What's Warren trying to hide? Nothing, except securities reporting deadlines may come in the middle of his acquisition of a full position. Unlike me, who can get a full position in any stock I'm interested in at almost any time of day in a few minutes, Warren has to take on increasingly bigger and bigger positions, which is especially troubling in the public markets. He used to be able to buy $1-2 million dollar pieces of his target and stay low on the radar. I don't know what his minimum investment is these days but my guess is even a trading position for him is $100 million. These last two acquisitions were for approximately $1 billion each.

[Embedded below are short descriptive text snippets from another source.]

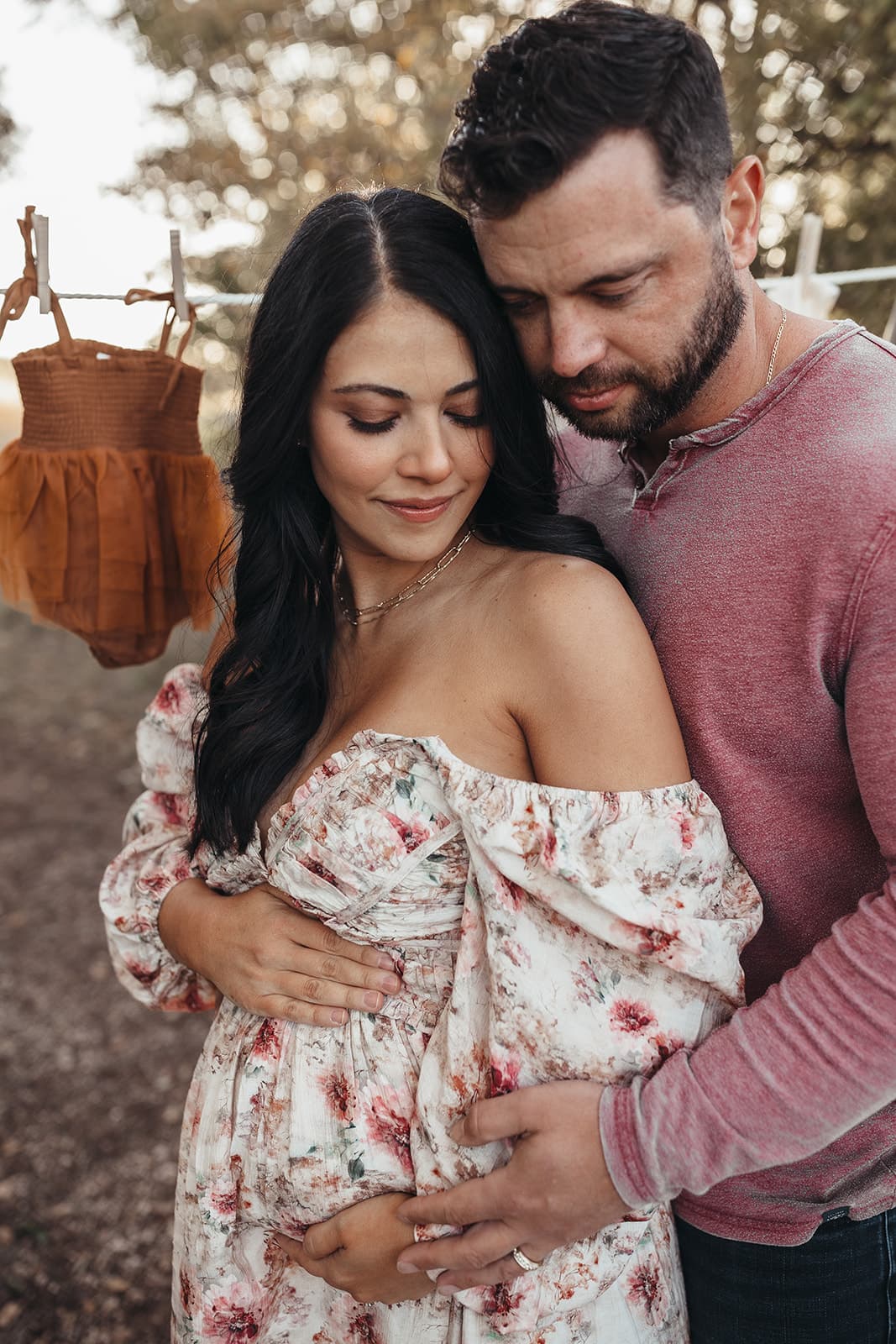 Dallas maternity photography session showcasing beautiful pregnancy portraits in natural light - Image 012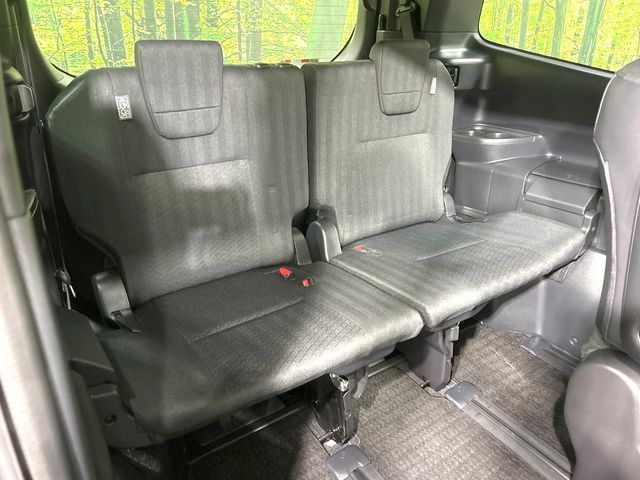 TOYOTA NOAH HYBRID 2022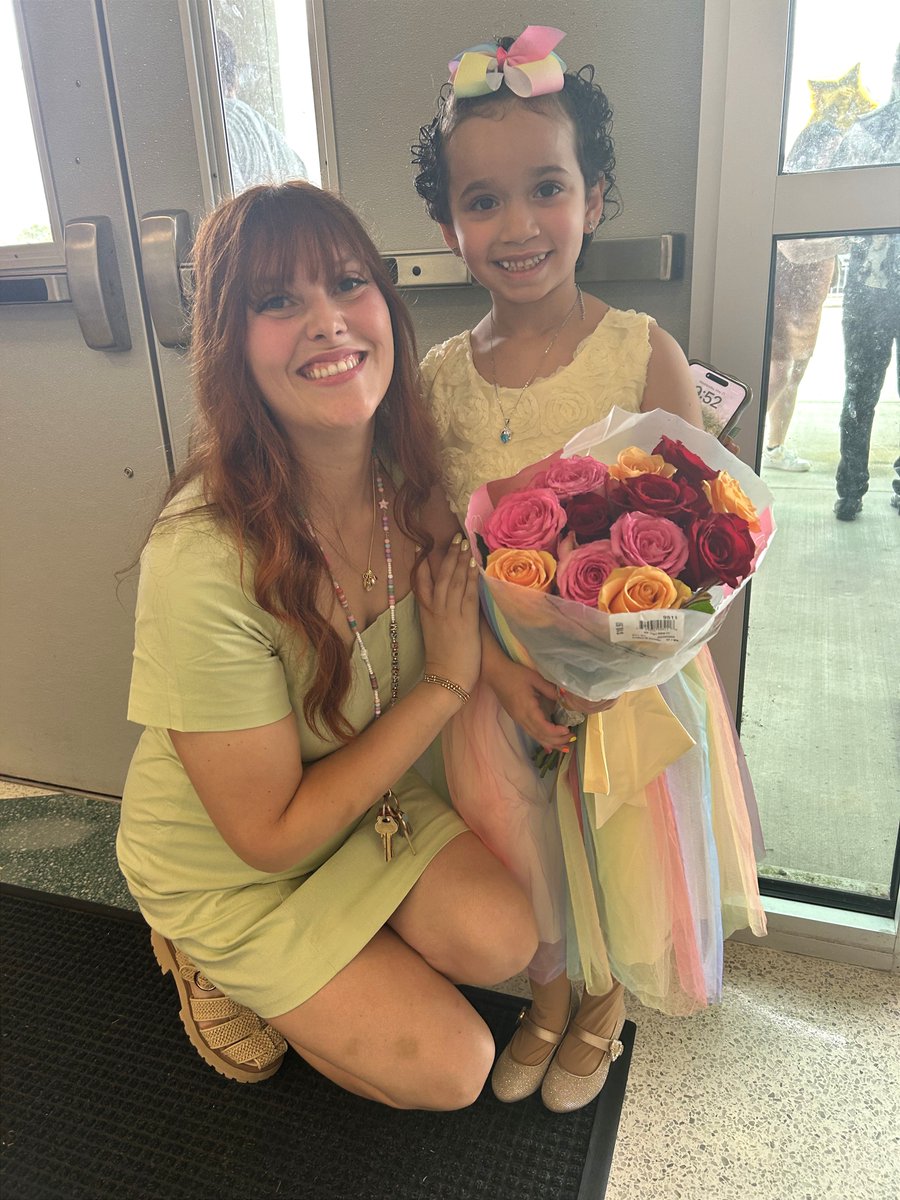 One of our Angels' Place kids just graduated from Kindergarten!🎓⁣
Congratulations, Laila! We are so proud of you! 😇💙⁣⁣

#Congrats #graduation2025 #KindergartenGrad #AngelsPlace #nonprofit #ChildrensCharity #NewOrleansCharity #AngelsPlaceSmiles #BeAnAngelForAnAngel #Grateful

Warren is famous for many statements but one of them is that it's difficult to have more than a few good ideas for investment. It's much more difficult if you can't execute your ideas because others are bidding against you simply because you're bidding. And government disclosure makes that even harder still.

I've read maybe 5-6 books on Buffet--the best is Loewenstein's, btw. What's interesting is that the hoi polloi think Warren is this folksy guy who simply buys and holds forever companies like Coke and the Washington Post. Not true. First, he's an insurance magnate, who gets premium cash flow which he must invest. Since he's a smart insurance guy, he sells the insurance for a lot more than it's worth (another way of saying that he chooses his insured's very carefully, beginning with the Geico biz), then as a savvy investor, takes more risk and gets more reward than his insurance competitors. This frees up cash for, guess what, further investment.

Say he sells insurance for $10,000,000 premium, which will have to pay off (risk adjusted) $12,000,000 in 20 years. His insurance competitors receive $10,000,000 premium but because they don't manage their risk as well, they'll have to pay out $15,000,000 in 20 years. So far so good.

But Warren can earn 20% on the $10 million in 2 years, easy, while it takes his competitors (investing in bonds, etc.) 12 years to earn the 50% return they need to cover their liabilities. But in years 3-20, Warren is busy investing all the free cash flow from his "superfund" investments in KO, etc. When it comes time to pay off his insurance liabilities, he pays off the $12 million easily and has maybe an extra $60 million in the till (or investments) from the 18 years of investment returns on the policy owner's original $10 million in premium. Or more, because once you start compounding his returns, even subtracting out his mistakes, the numbers get pretty unbelievable. Which is why he's worth $35 billion all by hisself.

At the same time Warren is playing risk arbitrage on announced deals, occasional commodity plays and even white knight (during the 80s) to takeover targets, earning excellent returns which provide more cash to his "superfund" activities.

It's a great business and a great biz plan, but it's no where near as simple as the Yahoo morons who claim "Buffet made a lotta dough using buy & hold and so will I" nonsense.

End of short disquisition on Uncle Warren.